We live in an age of uncertainty and disruption. The problem with uncertainty is that we do not know when and what will happen next. Conventional wisdom and the status quo are challenged.
Business models are overturned and new business models are emerging. The reality of disruption is that it is sometimes planned and sometimes unplanned.
If disruption is better planned than current business, disruption will win. In a disrupted world, traditional HR can lack relevance and impact (a bit too 1980s!) As we navigate this new Digital workspace, we must change outdated people practices for good.
Human resource practitioners and leaders who are truly engaged with their role as people managers will notice a growing and serious movement to redefine how HR leads, enables and supports organisations to deliver purposeful business results.
Indeed, those who are engaged in conversations that matter will recognise that to achieve things in a sustainable way requires more of the business needs to be mobilised to deliver a strong employee experience, and business outcomes to match.
On June 28, 2023—HR professionals gathered to experience a relatively new conference, DisruptHR, to hear about ways to rethink both their profession and their workforces. Attendees heard from 13 speakers, who each had five minutes to get a point across.
The organisation tells its speakers, “teach us something, but make it quick”. The speakers at this event were inspiring, examining the latest trends and challenging HR to do things differently.
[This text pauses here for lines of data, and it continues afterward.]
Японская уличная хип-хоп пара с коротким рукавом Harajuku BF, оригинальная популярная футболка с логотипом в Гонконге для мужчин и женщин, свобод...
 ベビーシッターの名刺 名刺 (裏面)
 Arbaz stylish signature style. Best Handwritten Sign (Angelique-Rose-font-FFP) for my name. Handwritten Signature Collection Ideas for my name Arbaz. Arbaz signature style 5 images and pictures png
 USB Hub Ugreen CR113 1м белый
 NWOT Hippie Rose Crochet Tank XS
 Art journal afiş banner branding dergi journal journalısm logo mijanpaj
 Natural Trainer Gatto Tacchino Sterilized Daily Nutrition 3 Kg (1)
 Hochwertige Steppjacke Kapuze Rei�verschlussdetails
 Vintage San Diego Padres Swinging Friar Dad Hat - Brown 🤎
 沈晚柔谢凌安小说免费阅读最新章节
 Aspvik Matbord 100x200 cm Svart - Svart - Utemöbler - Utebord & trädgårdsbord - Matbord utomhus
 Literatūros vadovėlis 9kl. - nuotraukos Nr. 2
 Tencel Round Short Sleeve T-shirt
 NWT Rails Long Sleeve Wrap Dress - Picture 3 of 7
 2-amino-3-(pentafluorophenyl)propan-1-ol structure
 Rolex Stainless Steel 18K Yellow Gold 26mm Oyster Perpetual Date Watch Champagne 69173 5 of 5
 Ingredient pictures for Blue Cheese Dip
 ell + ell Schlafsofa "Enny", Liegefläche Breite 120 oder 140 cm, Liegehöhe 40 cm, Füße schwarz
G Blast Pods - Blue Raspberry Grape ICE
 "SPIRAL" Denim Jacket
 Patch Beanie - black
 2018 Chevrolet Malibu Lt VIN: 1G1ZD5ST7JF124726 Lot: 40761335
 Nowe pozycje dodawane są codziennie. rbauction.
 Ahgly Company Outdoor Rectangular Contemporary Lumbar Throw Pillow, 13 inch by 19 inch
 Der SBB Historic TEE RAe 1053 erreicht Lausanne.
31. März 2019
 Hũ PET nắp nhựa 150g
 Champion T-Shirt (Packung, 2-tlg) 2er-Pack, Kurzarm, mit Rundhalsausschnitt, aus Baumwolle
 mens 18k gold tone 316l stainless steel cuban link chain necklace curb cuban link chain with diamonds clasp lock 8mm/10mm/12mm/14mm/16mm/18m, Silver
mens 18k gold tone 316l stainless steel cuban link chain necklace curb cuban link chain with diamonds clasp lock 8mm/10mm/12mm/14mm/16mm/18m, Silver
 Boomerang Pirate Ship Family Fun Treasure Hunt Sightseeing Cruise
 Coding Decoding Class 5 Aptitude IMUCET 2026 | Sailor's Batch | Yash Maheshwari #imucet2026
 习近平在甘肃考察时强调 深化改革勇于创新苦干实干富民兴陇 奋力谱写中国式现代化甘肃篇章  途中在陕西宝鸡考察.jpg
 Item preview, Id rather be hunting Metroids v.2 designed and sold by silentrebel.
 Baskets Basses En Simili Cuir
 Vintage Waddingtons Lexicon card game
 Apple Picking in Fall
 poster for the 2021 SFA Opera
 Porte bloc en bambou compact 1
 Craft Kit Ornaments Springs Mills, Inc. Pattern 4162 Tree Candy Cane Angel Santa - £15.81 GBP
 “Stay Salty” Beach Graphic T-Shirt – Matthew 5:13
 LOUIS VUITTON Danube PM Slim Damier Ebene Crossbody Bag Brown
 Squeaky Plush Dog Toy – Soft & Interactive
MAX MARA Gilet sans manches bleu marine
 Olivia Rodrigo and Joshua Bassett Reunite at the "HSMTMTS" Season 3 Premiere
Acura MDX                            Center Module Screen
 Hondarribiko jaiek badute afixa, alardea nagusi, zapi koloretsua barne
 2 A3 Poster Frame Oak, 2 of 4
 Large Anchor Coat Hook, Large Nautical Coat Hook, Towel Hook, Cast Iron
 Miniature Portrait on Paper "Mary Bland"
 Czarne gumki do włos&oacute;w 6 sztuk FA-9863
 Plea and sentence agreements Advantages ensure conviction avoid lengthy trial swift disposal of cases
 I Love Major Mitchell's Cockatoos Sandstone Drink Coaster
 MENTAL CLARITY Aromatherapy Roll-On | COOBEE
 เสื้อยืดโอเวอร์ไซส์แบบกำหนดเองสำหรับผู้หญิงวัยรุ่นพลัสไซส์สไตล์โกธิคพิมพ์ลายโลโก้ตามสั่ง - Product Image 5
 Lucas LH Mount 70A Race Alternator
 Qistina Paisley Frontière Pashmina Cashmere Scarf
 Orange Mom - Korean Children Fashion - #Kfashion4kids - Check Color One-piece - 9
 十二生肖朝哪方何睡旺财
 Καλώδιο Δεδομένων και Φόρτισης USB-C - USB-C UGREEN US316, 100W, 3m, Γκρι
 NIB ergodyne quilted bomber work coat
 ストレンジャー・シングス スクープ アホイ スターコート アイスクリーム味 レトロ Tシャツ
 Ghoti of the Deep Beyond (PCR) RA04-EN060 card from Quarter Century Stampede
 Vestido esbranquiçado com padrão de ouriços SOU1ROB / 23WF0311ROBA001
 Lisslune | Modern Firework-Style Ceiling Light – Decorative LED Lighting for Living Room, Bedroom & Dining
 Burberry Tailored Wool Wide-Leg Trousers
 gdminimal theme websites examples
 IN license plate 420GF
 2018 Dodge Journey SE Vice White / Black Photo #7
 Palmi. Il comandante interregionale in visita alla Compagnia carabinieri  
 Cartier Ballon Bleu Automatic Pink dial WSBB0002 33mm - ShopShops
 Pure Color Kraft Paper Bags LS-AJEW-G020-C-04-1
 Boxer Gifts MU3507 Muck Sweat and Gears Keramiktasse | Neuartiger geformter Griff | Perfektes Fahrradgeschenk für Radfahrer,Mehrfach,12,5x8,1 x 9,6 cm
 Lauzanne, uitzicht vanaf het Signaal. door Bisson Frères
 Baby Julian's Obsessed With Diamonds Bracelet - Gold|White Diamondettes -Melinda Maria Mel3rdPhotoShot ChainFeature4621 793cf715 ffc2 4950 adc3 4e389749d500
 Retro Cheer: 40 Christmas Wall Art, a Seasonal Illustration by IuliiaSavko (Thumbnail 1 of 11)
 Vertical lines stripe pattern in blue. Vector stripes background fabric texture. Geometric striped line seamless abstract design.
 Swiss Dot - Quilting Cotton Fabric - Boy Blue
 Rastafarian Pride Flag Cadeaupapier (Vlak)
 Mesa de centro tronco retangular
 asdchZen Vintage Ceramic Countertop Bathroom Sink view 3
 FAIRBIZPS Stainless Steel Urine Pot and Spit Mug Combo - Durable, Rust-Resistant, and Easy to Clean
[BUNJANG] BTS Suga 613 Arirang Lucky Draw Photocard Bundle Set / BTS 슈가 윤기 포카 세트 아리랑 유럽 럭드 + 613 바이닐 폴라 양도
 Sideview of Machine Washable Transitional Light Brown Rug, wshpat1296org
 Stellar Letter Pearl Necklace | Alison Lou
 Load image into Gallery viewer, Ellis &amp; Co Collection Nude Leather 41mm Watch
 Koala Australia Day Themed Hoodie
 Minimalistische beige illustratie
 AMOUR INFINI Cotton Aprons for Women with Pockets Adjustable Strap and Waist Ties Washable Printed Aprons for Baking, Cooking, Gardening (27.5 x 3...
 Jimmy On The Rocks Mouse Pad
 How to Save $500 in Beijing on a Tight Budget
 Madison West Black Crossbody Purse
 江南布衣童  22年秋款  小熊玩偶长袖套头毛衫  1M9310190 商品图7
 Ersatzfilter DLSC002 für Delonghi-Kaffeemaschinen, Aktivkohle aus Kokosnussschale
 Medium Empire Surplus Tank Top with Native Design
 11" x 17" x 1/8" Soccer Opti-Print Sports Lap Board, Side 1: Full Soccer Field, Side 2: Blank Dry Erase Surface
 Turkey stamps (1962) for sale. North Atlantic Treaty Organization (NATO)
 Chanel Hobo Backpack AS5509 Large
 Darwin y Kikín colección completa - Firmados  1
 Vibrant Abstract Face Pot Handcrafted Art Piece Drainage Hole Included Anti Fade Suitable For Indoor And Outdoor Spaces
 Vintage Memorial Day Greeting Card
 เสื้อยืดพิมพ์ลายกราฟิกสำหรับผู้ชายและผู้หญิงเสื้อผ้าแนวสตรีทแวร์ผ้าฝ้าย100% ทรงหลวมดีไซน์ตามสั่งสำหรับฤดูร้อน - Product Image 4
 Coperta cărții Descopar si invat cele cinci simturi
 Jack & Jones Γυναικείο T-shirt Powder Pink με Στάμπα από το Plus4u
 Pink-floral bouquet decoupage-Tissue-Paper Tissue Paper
Unique insights; a wealth of resources and tailored support to find what’s right for you and your organisation was the highlight of this event.
Furthermore, lots of practical ways were explored to make our people practices fit for today, and our future needs.
Ms Julie Turney and her entire team at HR at Heart Consulting Inc must be commended and celebrated for bringing this global franchise to the Caribbean.
DisruptHR is popping up all over the world with each city bringing its own flair, and this was certainly experienced with an emcee like Sunny Bling.
The Board of Directors of HRMATT and HRMATT members were more than willing to support the inaugural edition and will continue to support it as it expands throughout the Caribbean. Plans are already underway for the second Trinidad and Tobago edition in 2024.
The night was billed as a raucous challenge to so many stereotypes of HR professionals. As we seek to make change happen, I must express the pride I felt when I saw our HRMATT members take centre stage: Board Member and Education Officer, Kimberly Chan-Boodram, Board Member and Advocacy Officer Cindy Wilson, Charlene Pedro, Jason Jack, Stacey Ramsamooj, and Akeisha Mc Donald.
They shared genuinely insightful, energetic and thoughtful presentations. Dr Rochelle Haynes, Jarrod Best-Mitchell, Keron Rose, Leah De Souza, Debbie Jollie, Nicole Fisher and Natasha Nunez all delivered great content, and they were pragmatic and definitely provocative.
Thank you to the Ministry of Labour, HIV Unit for capitalising on this initiative and taking the opportunity to raise awareness about HIV in the workplace and advocating for the adoption of a workplace policy. Special commendation to Kurlisha Mc Clean-Robert for braving the stage.
The fourth industrial revolution (Industry 4.0) is transforming the world of work, creating a technological revolution and reshaping the way organisations do business.
This, coupled with the disruption to the labour market caused by the COVID-19 pandemic paves the way for significant transformation in the way leaders build future-ready organisations.
Many policies and procedures created in times of predictability and stability to optimise long term efficiency and effectiveness are no longer fit for purpose and yet it seems some organisations are determined to get back to ‘normal’ with now outdated operating models, perhaps particularly in the field of Human Resource Management.
In this current era, where people are driving the culture of the organisation, sustainability is integral to business goals, the future of work is uncertain, and organisations are going to have to work that much harder to recruit and retain the best people, and adaptation to new practices has to happen at a much faster pace.
It can even be argued that HRM is stuck in legacy and industrial thinking, driven by a policies and procedures approach when it is dynamism and agility that is required.
Approaches to key aspects of the HRM system, such as recruitment, performance management and learning and development seem stuck in a time warp. This is particularly concerning when we consider how the world of work is changing: remote working, gig working, increasing use of technology and the list goes on.
Because the future of work is uncertain and will be undeniably different from how it is now, a new HRM is needed that fits this changing environment more effectively. So maybe it is time to #DisruptHR!!!!!